This post should hopefully help you understand what is and what is not protected by VCHA and also what to expect depending on the situation.
For more on VCHA please see my previous posts:
What does cause a VCHA Failover?
Active Node failure
If the current Active node goes down the Passive node will assume the role of Active and provide service in a few minutes. In my own personal testing I have seen API access restored in less than 3 minutes, with the vSphere Web Client restored in less than 5 minutes.
What do I mean by “down”?
- If the vCenter Server services crash within the GuestOS, that’s a failover.
- If the Active node crashes, as in the entire VM crashes, that’s a failover.
- If the underlying ESXi Host crashes/PSOD’d then the Active node will die, that’s a failover.
- If the Active node can no longer talk to the Passive and Witness nodes via the VCHA Network, that’s a failover.
What doesn’t cause a VCHA Failover?
Loss of Management (Public) Network
If the current Active Node loses connectivity on it’s Management (or Public) interface but still has connectivity to the other VCHA nodes via the VCHA Network (or Private) interface an automatic failover will not take place.

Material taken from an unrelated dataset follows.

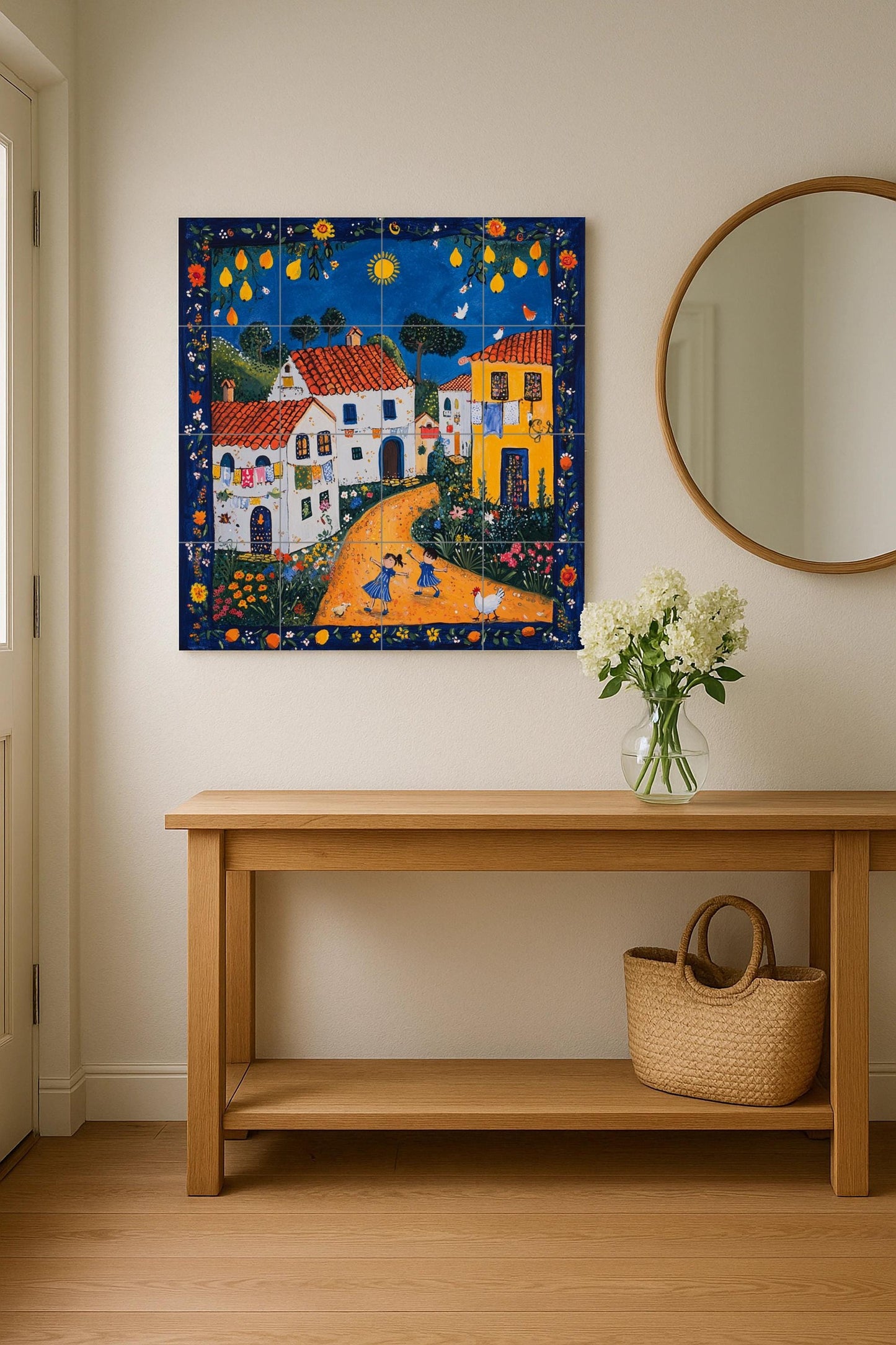 Portuguese naive art ceramic mural with terracotta roofed houses, a cheerful rural village and a decorative panel of folk tiles.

vSphere Web Client service failure
Whilst the vSphere Web Client might be your primary method to interact with vCenter Server, you might have other products (Horizon View, vRA, vCD, etc) that interact with vCenter Server via API. If the vSphere Web Client service fails, and only that service fails, then that will not trigger an automatic failover. One reason is that the vSphere Web Client might have suffered a transient issue, crashed, and will simply restart in a minute or two. Why failover the entire vCenter Server and cause a (small) outage to your Horizon View, vRA, vCD etc environments? So that is why a failover won’t occur if just the vSphere Web Client service fails.
External PSC Failure
If you are using a vCenter Server Appliance with Embedded PSC, then your PSC services are also protected by VCHA. However, if you are using an external PSC you really should also be protecting that using PSC HA via a Load Balancer (more to come on that). No point in providing HA to half of the vCenter Server stack and not to the other half right?
If your external PSC fails, and the PSC is not protected by PSC HA, the vCenter Server will not immediately trigger a failover. It should eventually cause a failover once the vCenter Server services begin to fail as a result of the PSC being down, but the Passive VCHA node won’t be able to come up if that same PSC is still down during failover.
Redeploy a failed node
If the Active node suffers a failure similar to what I described above, it will typically come back and rejoin the VCHA Cluster as the current Passive Node. However, if the Active node never comes back or can’t come back (maybe the VM is corrupt or deleted) then we have the ability to “redeploy” a node. This is true for any failed node, active, passive or witness.
It’s important to remember that to be able to provide working service of the vCenter Server services, we need to have a minimum of two nodes online out of the three that form a VCHA Cluster. You cannot tolerate failure of more than one node.
The redeploy button can be found if you select the “down” node from the vCenter HA settings view. Clicking this will remember the settings of the “down” node and quickly and easily clone a replacement node.
What if <insert node> fails?
What if the current Active Fails?
If the current Active fails, the failover will take place and the Passive will take over ownership of the Active role. The VCHA Cluster will be reported in a degraded state until the “down” node rejoins the VCHA Cluster or is redeployed.
What if the current Passive Fails?
If the current Passive fails, then no failover will take place and there will be no loss in vCenter Server service availability. The VCHA Cluster will be reported in a degraded state until the “down” node rejoins the VCHA Cluster or is redeployed.
What if the Witness Fails?
If the Witness fails, then no failover will take place and there will be no loss in vCenter Server service availability. The VCHA Cluster will be reported in a degraded state until the “down” node rejoins the VCHA Cluster or is redeployed.